By Rati Girish
Imagine you are on your way to school one morning and you see a leopard sitting next to you on the bus! Or if you’re at a pav-bhaji stall and right behind you is a leopard waiting for his turn to order! Fantastical as this sounds, it is exactly what happens in Lubaina’s Bandukwala’s Leopard in Mumbai published by Karadi Tales – a hilarious story of a leopard that leaves its home in Mumbai’s famous Sanjay Gandhi National Park to go sightseeing around the city. He travels by the local train, kaali-peeli taxi and double-decker bus, he samples the lip-smacking street food and even stops to visit the famous Mount Mary Church festival.
This may be an exaggerated narrative and definitely one that adults may find completely facetious, but reading it with my 5-year-old son gave me a whole other perspective. He found the book hysterical and began imagining different scenarios where one might encounter leopards. This led to a rather interesting discussion about encroaching on the natural habitat of leopards. About four decades ago, our building near Mumbai’s Aarey colony used to be part of forest land. Today, it is a bustling residential area with patchy lawns and commercially grown trees.

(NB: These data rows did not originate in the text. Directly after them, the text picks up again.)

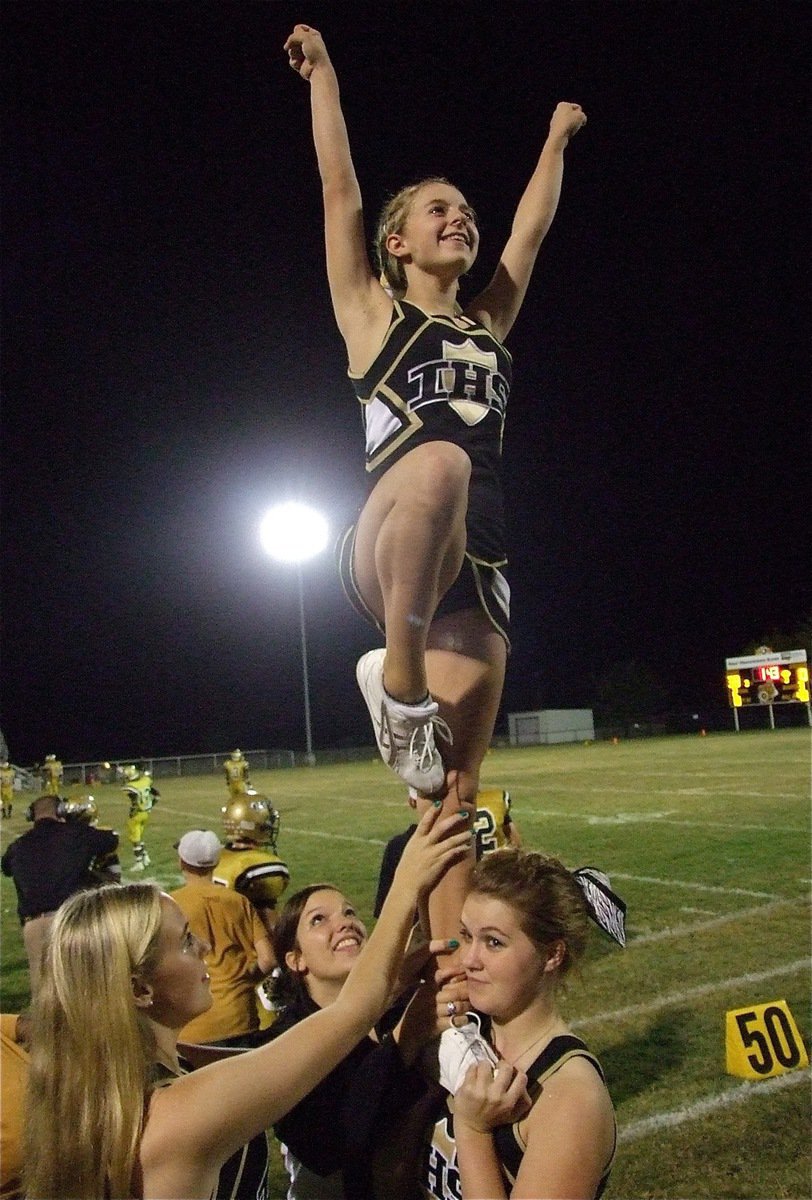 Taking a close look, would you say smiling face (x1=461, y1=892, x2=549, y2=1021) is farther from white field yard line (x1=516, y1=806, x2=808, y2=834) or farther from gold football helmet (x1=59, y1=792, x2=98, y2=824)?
white field yard line (x1=516, y1=806, x2=808, y2=834)

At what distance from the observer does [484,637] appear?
5.97 feet

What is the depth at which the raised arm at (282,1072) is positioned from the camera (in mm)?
1670

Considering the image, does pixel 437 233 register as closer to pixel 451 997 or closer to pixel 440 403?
pixel 440 403

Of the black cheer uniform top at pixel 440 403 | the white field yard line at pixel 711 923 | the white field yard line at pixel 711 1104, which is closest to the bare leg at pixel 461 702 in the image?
the black cheer uniform top at pixel 440 403

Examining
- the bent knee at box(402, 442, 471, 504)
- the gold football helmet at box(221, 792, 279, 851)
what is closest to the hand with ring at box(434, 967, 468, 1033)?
the bent knee at box(402, 442, 471, 504)

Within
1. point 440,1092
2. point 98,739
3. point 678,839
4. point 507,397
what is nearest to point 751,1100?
point 440,1092

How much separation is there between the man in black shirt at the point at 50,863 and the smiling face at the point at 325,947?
162 inches

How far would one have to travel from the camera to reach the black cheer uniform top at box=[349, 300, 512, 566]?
5.90 ft

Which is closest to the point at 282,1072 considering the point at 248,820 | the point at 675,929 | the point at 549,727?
the point at 248,820

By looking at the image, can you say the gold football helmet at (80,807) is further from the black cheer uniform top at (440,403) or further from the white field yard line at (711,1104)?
the black cheer uniform top at (440,403)

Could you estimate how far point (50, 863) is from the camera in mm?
6570

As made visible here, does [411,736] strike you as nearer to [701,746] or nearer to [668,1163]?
[668,1163]

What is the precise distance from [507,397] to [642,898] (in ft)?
27.0

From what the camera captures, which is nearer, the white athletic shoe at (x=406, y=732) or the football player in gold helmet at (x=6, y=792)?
the white athletic shoe at (x=406, y=732) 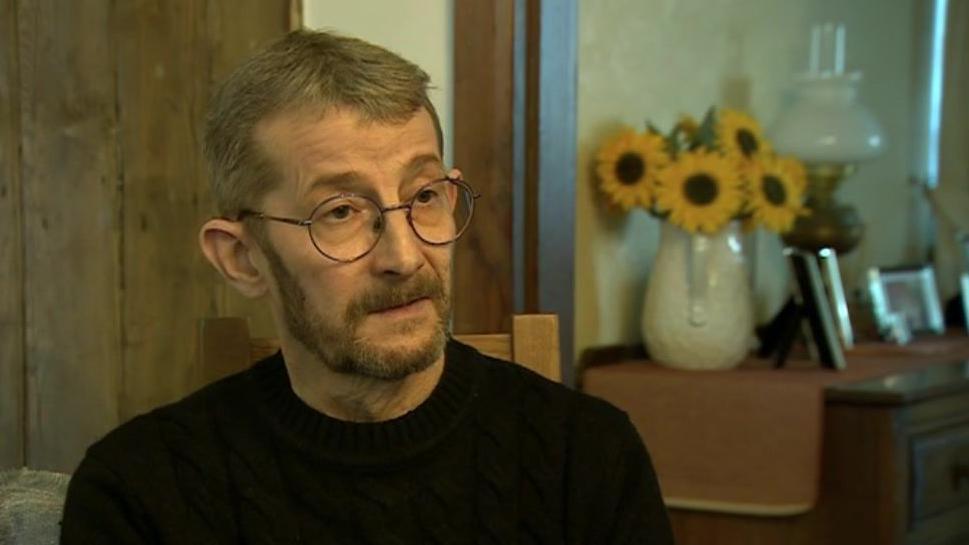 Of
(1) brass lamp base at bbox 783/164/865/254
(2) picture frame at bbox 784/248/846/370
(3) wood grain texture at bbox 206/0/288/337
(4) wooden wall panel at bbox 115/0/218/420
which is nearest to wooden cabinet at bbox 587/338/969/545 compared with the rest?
(2) picture frame at bbox 784/248/846/370

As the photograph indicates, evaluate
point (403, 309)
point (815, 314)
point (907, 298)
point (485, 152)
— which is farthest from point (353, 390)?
point (907, 298)

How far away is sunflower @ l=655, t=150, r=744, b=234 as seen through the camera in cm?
243

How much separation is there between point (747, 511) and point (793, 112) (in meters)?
0.95

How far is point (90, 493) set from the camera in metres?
1.30

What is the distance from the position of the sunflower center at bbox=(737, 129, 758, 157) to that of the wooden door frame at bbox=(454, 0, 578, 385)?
449 mm

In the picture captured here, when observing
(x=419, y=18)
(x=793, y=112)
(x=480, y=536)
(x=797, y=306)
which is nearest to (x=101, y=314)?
(x=419, y=18)

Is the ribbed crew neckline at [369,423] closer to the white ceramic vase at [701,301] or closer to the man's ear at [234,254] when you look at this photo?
the man's ear at [234,254]

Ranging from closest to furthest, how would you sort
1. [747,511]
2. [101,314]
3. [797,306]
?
[101,314], [747,511], [797,306]

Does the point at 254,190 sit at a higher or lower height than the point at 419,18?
lower

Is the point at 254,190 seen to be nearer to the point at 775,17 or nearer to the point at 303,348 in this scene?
the point at 303,348

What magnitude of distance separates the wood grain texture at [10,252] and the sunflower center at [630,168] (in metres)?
1.06

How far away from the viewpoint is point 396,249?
1251 mm

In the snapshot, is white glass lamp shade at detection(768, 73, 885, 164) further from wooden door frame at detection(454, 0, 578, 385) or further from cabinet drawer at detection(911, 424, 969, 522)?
wooden door frame at detection(454, 0, 578, 385)

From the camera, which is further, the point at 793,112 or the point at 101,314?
the point at 793,112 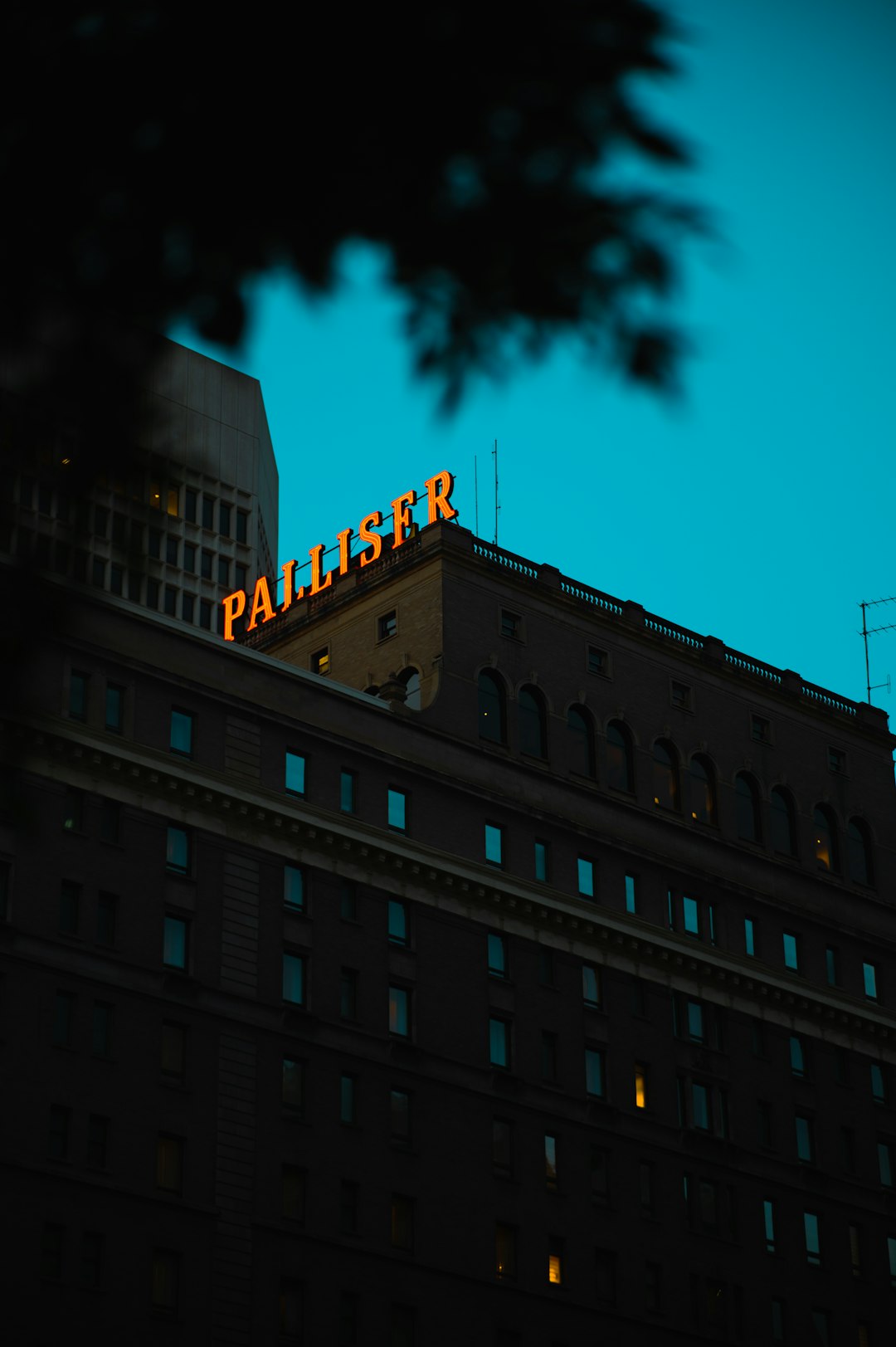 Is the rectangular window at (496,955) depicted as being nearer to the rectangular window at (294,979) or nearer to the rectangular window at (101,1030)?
the rectangular window at (294,979)

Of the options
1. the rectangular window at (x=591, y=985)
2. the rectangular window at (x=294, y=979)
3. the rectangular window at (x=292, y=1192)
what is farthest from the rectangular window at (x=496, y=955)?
the rectangular window at (x=292, y=1192)

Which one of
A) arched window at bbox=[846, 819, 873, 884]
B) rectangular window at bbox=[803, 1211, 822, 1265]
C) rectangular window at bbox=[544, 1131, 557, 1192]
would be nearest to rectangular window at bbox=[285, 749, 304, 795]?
rectangular window at bbox=[544, 1131, 557, 1192]

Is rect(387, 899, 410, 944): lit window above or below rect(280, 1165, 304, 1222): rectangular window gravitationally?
above

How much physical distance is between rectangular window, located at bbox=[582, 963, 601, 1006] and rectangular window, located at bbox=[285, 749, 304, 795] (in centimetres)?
1389

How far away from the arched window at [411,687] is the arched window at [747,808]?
1702cm

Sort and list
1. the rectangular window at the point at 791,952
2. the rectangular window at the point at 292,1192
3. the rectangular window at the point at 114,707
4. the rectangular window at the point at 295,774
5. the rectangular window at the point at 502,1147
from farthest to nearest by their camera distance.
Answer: the rectangular window at the point at 791,952
the rectangular window at the point at 295,774
the rectangular window at the point at 502,1147
the rectangular window at the point at 114,707
the rectangular window at the point at 292,1192

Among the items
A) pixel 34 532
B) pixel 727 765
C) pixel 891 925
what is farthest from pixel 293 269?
pixel 891 925

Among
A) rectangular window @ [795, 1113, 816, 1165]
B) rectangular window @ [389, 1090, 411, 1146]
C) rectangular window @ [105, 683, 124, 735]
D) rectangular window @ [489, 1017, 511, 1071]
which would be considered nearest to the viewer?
rectangular window @ [105, 683, 124, 735]

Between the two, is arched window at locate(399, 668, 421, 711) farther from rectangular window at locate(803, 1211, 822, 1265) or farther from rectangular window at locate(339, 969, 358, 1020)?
rectangular window at locate(803, 1211, 822, 1265)

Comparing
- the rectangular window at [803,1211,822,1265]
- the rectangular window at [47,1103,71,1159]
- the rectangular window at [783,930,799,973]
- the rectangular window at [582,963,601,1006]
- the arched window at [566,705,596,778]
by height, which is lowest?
the rectangular window at [47,1103,71,1159]

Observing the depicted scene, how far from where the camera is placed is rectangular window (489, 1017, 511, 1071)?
83062mm

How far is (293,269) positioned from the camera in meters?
15.6

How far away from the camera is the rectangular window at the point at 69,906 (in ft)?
240

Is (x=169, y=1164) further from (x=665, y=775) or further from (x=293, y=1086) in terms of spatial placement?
(x=665, y=775)
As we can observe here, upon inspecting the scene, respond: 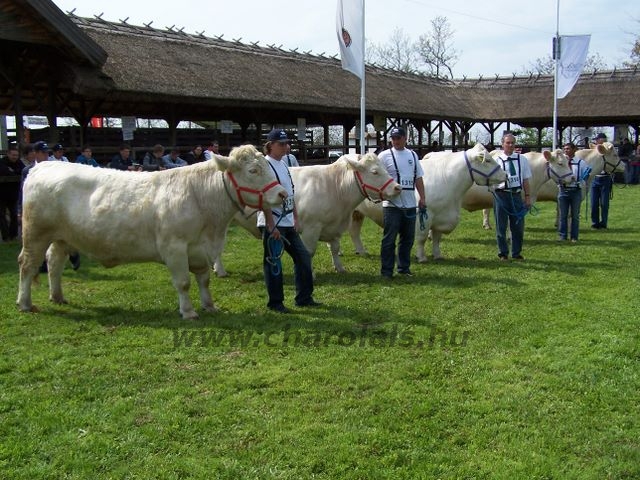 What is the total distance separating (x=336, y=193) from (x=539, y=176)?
22.4 feet

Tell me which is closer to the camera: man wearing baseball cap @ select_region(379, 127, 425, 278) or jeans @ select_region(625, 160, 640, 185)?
man wearing baseball cap @ select_region(379, 127, 425, 278)

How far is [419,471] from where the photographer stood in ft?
12.3

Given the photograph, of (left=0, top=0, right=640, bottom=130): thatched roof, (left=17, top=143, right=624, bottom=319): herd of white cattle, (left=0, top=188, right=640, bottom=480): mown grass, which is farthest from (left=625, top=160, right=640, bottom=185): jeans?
(left=17, top=143, right=624, bottom=319): herd of white cattle

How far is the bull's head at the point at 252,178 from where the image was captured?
689cm

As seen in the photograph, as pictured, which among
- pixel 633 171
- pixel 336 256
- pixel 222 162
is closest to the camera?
pixel 222 162

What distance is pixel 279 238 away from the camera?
23.5 ft

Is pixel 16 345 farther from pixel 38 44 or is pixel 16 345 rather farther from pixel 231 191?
pixel 38 44

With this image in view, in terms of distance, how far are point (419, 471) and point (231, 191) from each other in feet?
13.3

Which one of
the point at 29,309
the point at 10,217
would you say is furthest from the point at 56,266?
the point at 10,217

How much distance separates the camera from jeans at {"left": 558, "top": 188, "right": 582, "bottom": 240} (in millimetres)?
12359

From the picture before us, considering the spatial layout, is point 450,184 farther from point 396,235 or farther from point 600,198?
point 600,198

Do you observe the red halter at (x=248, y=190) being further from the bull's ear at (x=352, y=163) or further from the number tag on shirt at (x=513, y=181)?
the number tag on shirt at (x=513, y=181)

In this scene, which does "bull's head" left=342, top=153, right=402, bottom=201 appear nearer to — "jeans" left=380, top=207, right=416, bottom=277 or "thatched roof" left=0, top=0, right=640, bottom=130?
"jeans" left=380, top=207, right=416, bottom=277

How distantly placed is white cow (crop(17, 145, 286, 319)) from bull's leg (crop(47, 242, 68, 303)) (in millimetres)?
325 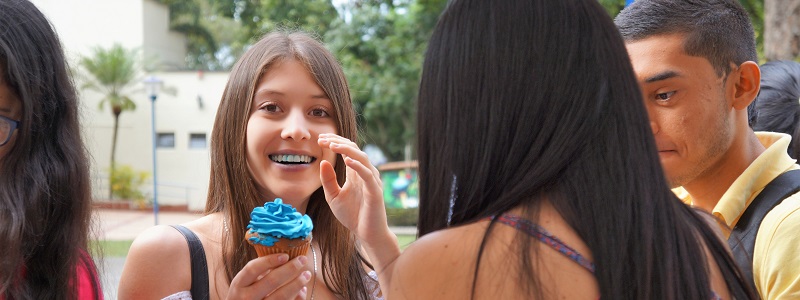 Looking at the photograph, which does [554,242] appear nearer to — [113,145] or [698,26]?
[698,26]

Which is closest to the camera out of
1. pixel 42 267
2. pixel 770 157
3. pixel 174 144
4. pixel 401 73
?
pixel 42 267

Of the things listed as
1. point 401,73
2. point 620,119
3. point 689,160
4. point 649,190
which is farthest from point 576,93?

With this context, it isn’t hard for children to understand that leopards could once have roamed these grounds or why the leopard in the story may have wanted to escape its habitat to take in the sights of Mumbai.
As such, Leopard in Mumbai can be used to gently introduce little readers to concepts of urban development, the ecology of cities, human-animal conflict and the delicate balance needed to live harmoniously with nature. A long-time Mumbaikar, former journalist and well-known children’s author Lubaina is well aware of the sights in the city and successfully brings this knowledge to the book. However, the highlight of this book are the spectacular illustrations by Allen Shaw that are wonderfully showcased in its generous landscape format. He captures the hustle-bustle of the city, the mind-boggling adventures of the leopard and the shocked expressions of bystanders in exquisite, colourful detail.
Get this book for its stunning illustrations and its unique take on Mumbai city and its ‘wild’ life – and you won’t be disappointed!